EXERCISE DETAILS: Copy every entry below exactly, and keep out the pictures.

==== SUPPLIED DATA ====

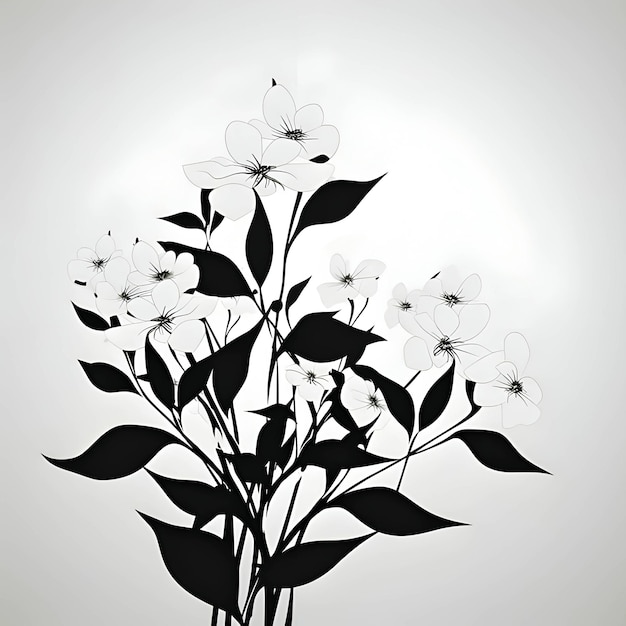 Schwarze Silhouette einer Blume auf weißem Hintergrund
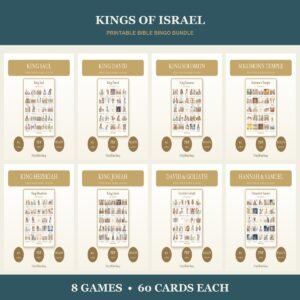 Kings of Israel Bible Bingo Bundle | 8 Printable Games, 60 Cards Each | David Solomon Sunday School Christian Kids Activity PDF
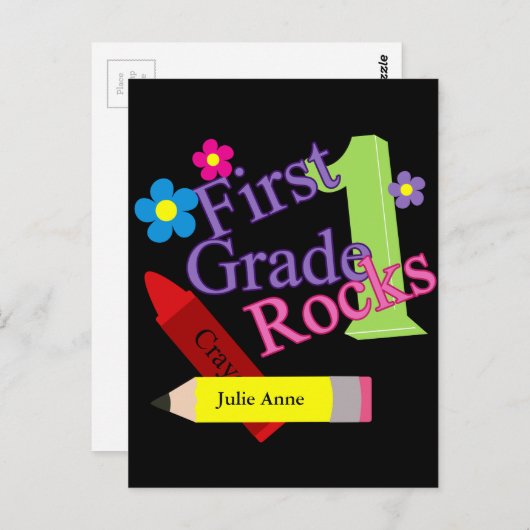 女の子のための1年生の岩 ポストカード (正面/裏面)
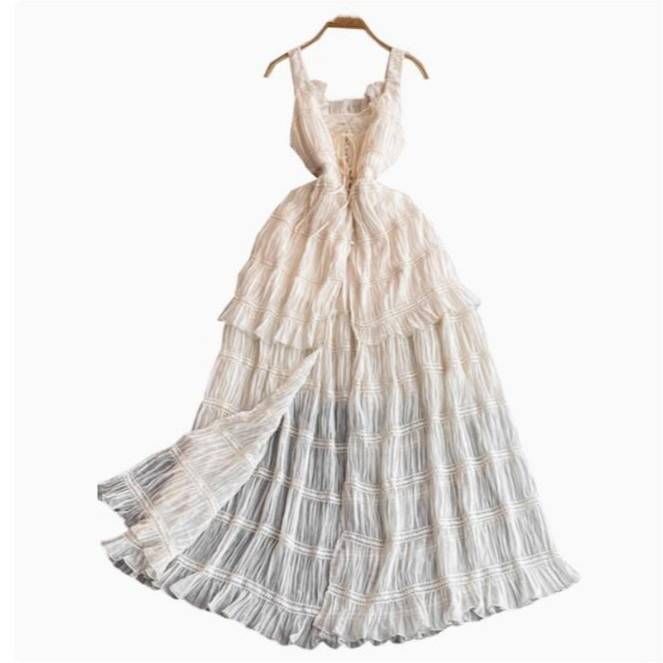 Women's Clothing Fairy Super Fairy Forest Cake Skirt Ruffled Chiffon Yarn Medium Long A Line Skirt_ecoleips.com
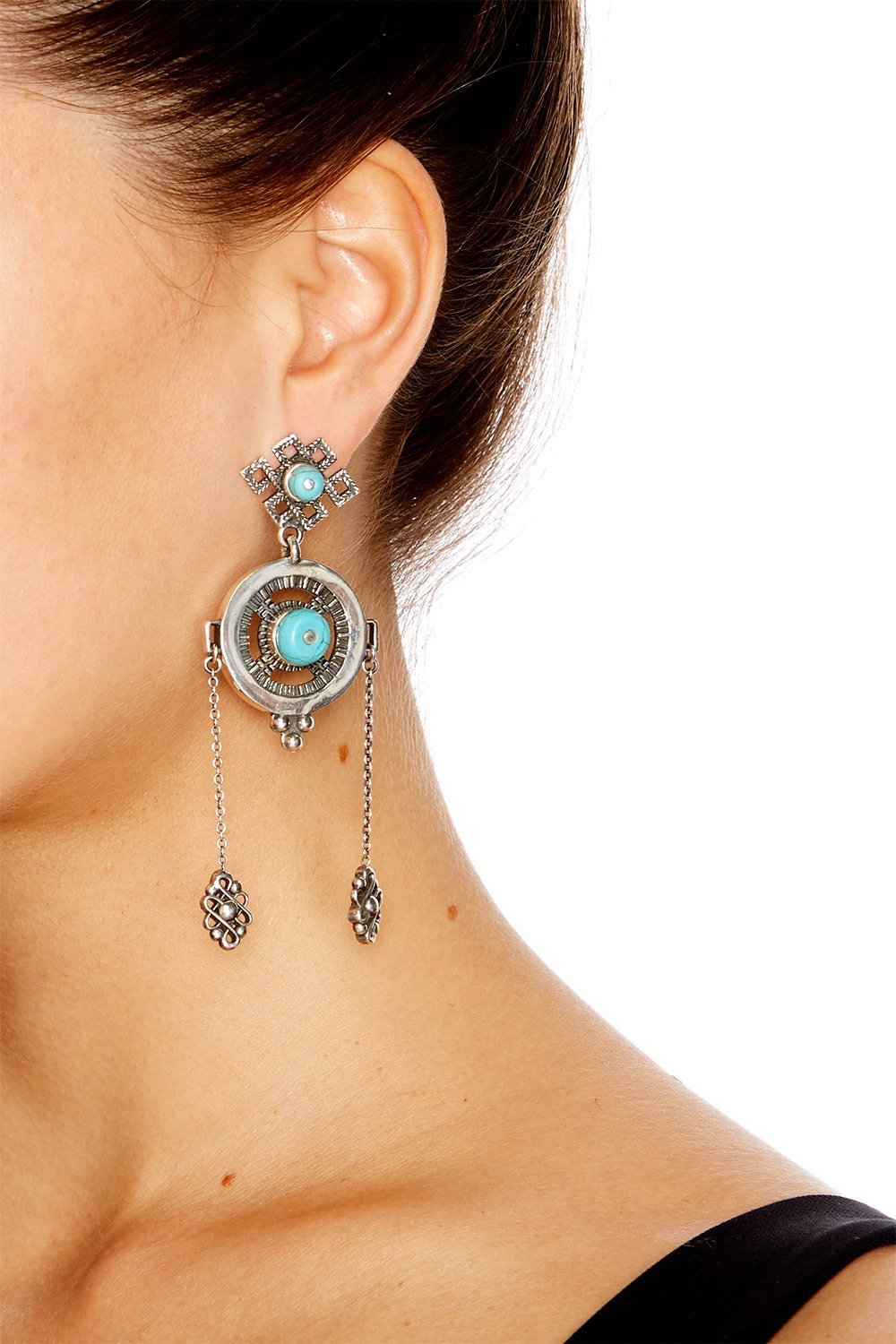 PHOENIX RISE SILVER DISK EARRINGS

====

FINISHED TASK:
 Schwarze Silhouette einer Blume auf weißem Hintergrund
 Kings of Israel Bible Bingo Bundle | 8 Printable Games, 60 Cards Each | David Solomon Sunday School Christian Kids Activity PDF
 女の子のための1年生の岩 ポストカード (正面/裏面)
 Women's Clothing Fairy Super Fairy Forest Cake Skirt Ruffled Chiffon Yarn Medium Long A Line Skirt_ecoleips.com
 PHOENIX RISE SILVER DISK EARRINGS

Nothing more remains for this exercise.